● **Task input**
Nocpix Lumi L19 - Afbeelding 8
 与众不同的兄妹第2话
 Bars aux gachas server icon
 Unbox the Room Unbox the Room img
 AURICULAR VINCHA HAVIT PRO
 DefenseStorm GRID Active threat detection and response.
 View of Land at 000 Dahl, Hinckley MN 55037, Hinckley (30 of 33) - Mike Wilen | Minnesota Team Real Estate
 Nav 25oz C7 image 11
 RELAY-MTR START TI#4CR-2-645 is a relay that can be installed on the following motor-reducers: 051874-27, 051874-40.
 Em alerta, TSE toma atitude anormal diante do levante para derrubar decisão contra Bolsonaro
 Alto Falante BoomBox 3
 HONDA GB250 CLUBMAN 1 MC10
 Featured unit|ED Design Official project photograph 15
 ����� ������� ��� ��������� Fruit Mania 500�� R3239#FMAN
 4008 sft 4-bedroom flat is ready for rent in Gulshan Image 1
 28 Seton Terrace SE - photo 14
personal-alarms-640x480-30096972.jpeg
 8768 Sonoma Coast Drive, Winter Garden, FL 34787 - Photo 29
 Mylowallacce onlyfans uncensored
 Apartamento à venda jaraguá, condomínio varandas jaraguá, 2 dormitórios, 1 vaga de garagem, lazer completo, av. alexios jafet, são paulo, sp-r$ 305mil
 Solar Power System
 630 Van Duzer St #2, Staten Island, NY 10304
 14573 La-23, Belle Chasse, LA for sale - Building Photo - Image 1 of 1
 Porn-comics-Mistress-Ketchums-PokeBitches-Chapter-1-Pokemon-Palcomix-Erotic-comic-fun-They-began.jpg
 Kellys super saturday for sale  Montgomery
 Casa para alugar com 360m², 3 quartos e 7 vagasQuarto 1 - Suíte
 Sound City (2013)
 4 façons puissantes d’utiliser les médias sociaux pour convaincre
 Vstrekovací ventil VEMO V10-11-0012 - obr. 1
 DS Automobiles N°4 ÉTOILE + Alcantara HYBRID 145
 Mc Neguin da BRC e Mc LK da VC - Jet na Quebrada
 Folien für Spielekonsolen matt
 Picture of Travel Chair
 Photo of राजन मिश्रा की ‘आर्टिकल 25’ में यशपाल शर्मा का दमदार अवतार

● **Work to complete**
A bare number is the whole answer: how many lines in the entries contain "para"?

● **Task solution**
2